Any fan of recent sci-fi movies and TV has likely seen some genius designer model an amazing new invention virtually before actually building the thing in the physical world. This is not as much a future thing as it may seem. High-tech industries have lately become infatuated with the idea of “digital twins.”
A digital twin is an exact virtual replica of a physical device. It’s a computer model that operates identically to the physical version. “The ultimate vision for the digital twin is to create, test and build our equipment in a virtual environment,” NASA’s leading manufacturing expert and manager of NASA’s National Center for Advanced Manufacturing John Vickers tells Forbes. “Only when we get it to where it performs to our requirements do we physically manufacture it. We then want that physical build to tie back to its digital twin through sensors so that the digital twin contains all the information that we could have by inspecting the physical build.” GE’s Ganesh Bell tells Forbes, “For every physical asset in the world, we have a virtual copy running in the cloud that gets richer with every second of operational data.”
One of the reasons people are so excited about digital twins is that they can potentially detect problems virtually before they have the chance to happen in the real world. Combining the digital twin with predictive machine learning, it’s hoped that downtime for devices large and small — like the countless Internet of Things (IoT) devices proliferating — can become a rarity, with problems resolved before they even occur.
Gartner identified digital twins as one of the top ten tech trends of 2017 back in October 2016. In May 2017, there’s still plenty of excitement about them, but real-world issues have emerged that impede a wholesale shift to the technology. While a digital twin can be fantastic for an individual mass-produced high-end product — Tesla keeps a digital twin of every one of the cars it sells, for example, and all cars in the future may have one — the expense and effort currently required for digital twins make them less practical for more inexpensive products. Even more critically, there are lots and lots of devices from different manufacturers now in service that predate the notion of digital twins, especially in industrial settings. These devices lack a digital dopplegänger, and it would be prohibitively costly to develop them now, especially given the number of machines, small and large, that we’re talking about.
Several companies have sprung up with bridge technologies that bring the benefits of digital twins to devices without one. Though they take different approaches, one thing they share is that they all use machine learning for analyzing data to pick up subtle variations from normal operation that may predict imminent malfunctions. Beyond that, their approaches are pretty different.
One, 3DSignals, monitors and analyzes the sounds machines make to establish how they sound when operating normally and what they sound like when the misbehave, or are about to.
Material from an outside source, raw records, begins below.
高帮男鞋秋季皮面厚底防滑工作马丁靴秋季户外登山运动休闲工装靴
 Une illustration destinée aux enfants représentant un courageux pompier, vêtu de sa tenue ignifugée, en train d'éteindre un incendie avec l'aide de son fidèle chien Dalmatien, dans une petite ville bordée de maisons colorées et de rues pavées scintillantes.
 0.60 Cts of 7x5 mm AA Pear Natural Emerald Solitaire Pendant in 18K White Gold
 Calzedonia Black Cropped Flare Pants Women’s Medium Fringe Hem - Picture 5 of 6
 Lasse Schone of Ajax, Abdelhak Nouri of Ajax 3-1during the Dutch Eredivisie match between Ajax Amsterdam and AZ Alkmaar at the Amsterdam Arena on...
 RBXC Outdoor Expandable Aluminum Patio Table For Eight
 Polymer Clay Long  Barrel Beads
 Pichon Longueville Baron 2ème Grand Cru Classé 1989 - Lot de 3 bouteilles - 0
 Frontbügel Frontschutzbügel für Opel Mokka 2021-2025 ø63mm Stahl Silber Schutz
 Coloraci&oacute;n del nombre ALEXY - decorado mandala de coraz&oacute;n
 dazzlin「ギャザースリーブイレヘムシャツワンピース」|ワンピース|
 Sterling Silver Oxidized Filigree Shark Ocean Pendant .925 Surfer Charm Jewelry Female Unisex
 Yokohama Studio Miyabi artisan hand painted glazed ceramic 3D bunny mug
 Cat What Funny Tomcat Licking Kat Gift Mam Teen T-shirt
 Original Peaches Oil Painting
The company continually trains their algorithm by matching human mechanics’ reports of what went wrong to the accompanying sounds, building a database of noise that signify issues that need to be addressed. The first time their system hears such a sound, it’s an aberration, but, as CEO Amnon Shenfeld tells Fast Company, “The next time we hit this signature on the same machine for the same customer or another customer using the same type of machine, it will not just be anomaly detection.”
Another company, Augury, is also “listening,” but not to sound. They detect changes in machine-produced vibrations, temperature ultrasound, and electromagnetic emissions. Their machine learning algorithms also work with a library of data they’ve detected to anticipate malfunctions. “Over time, we’ve collected probably the largest malfunction dictionary in the world for our types of machines,” says Augury CEO Saar Yoskovitz.
A third company, Presenso, takes a more direct approach: Industrial machines have a host of sensors, and the company’s service taps into them. The sensor data is uploaded to the Presenso cloud where their AI engine creates a digital model based on a sensor’s operational norm. “They [the algoirthms] don’t need any human guidance or know what the physical attributes are that are being measured,” CEO Eitan Vesely tells Forbes. “The goal is for them to learn by themselves how the machine operates.”
The digital sensor model Presenso’s AI generates can then be used for predicting abnormal behavior. The company sees the system’s ability to concurrently analyze data for an entire site’s worth of equipment as an advantage that has them targeting some of the most complex plants imaginable: those belonging to the power and energy, oil and gas, water, and automotive industries.
The bottom line is that technologists believe machine learning and AI can keep machines, other devices, and industrial plants operating with an efficiency and reliability mere human beings can’t come anywhere near providing. Though the applications are for now industrial — with the exception of a few luxury items — over time you can expect to to have a home full of digital twins and their cousins.